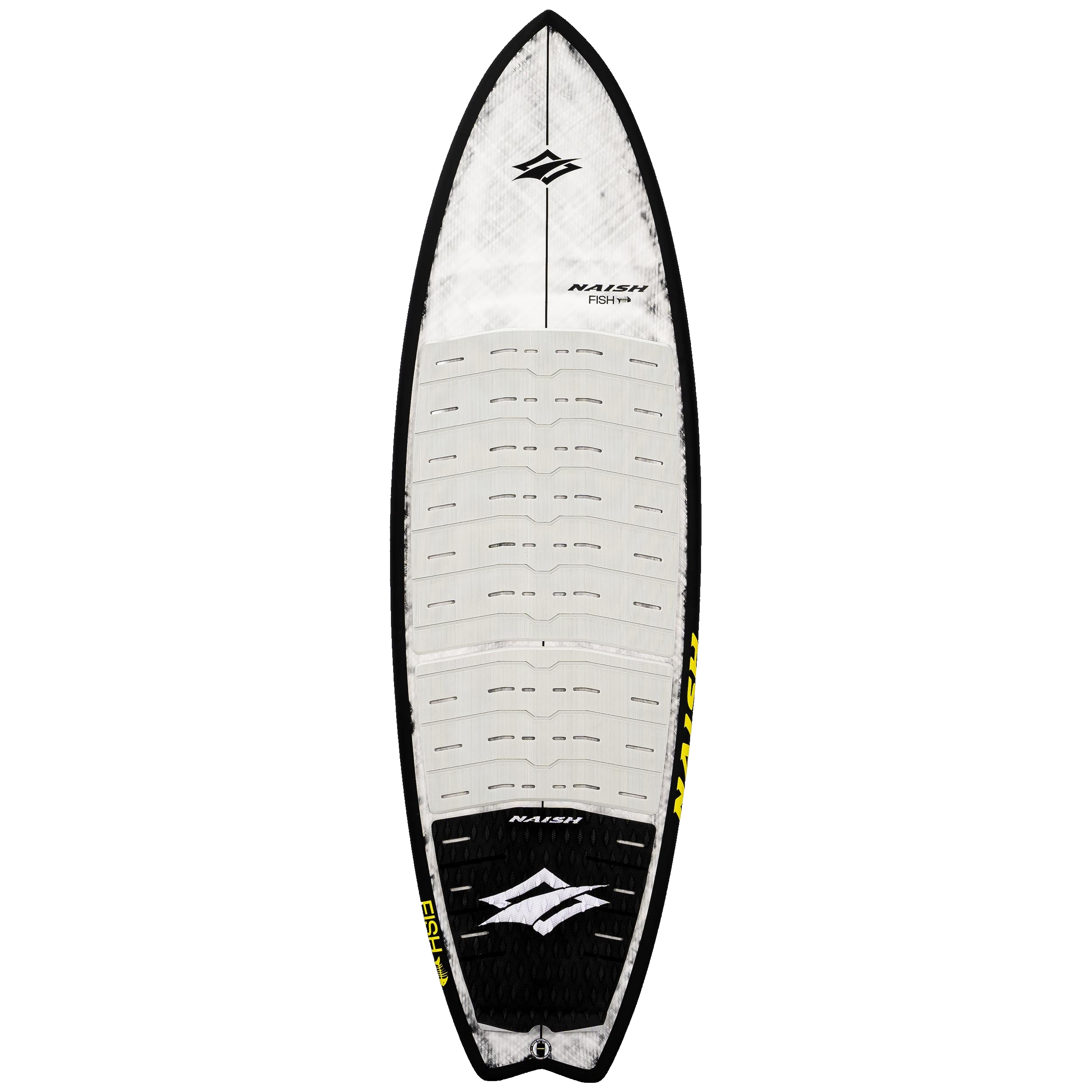 Naish - Fish 2025 - White - GearFreak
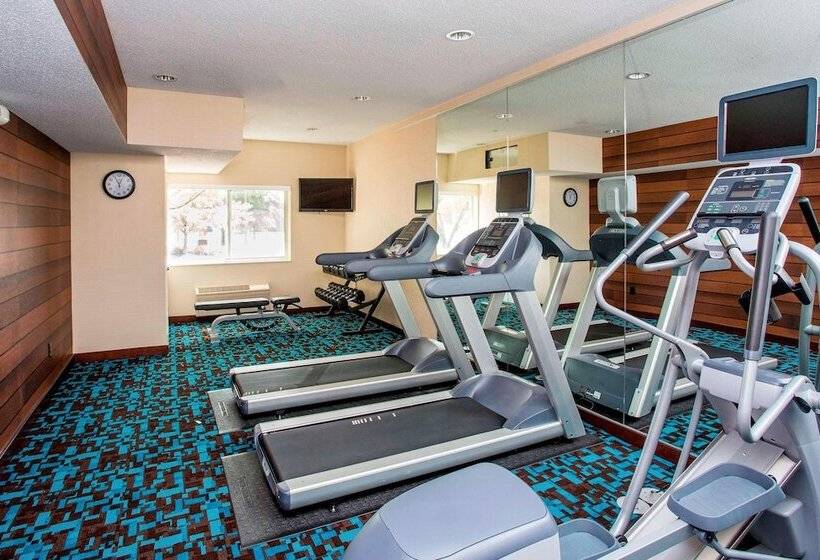 فندق Fairfield Inn & Suites By Marriott Dayton South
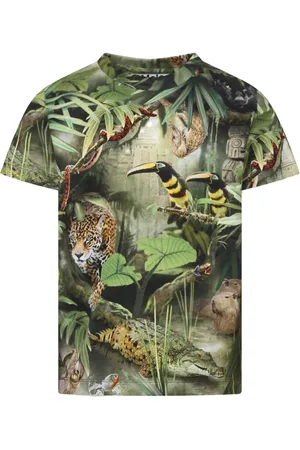 Molo T-shirt à imprimé graphique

#### Task goal
Pictures aside, the material must be written out word for word.

#### Solution below
 Naish - Fish 2025 - White - GearFreak
 فندق Fairfield Inn & Suites By Marriott Dayton South
 Molo T-shirt à imprimé graphique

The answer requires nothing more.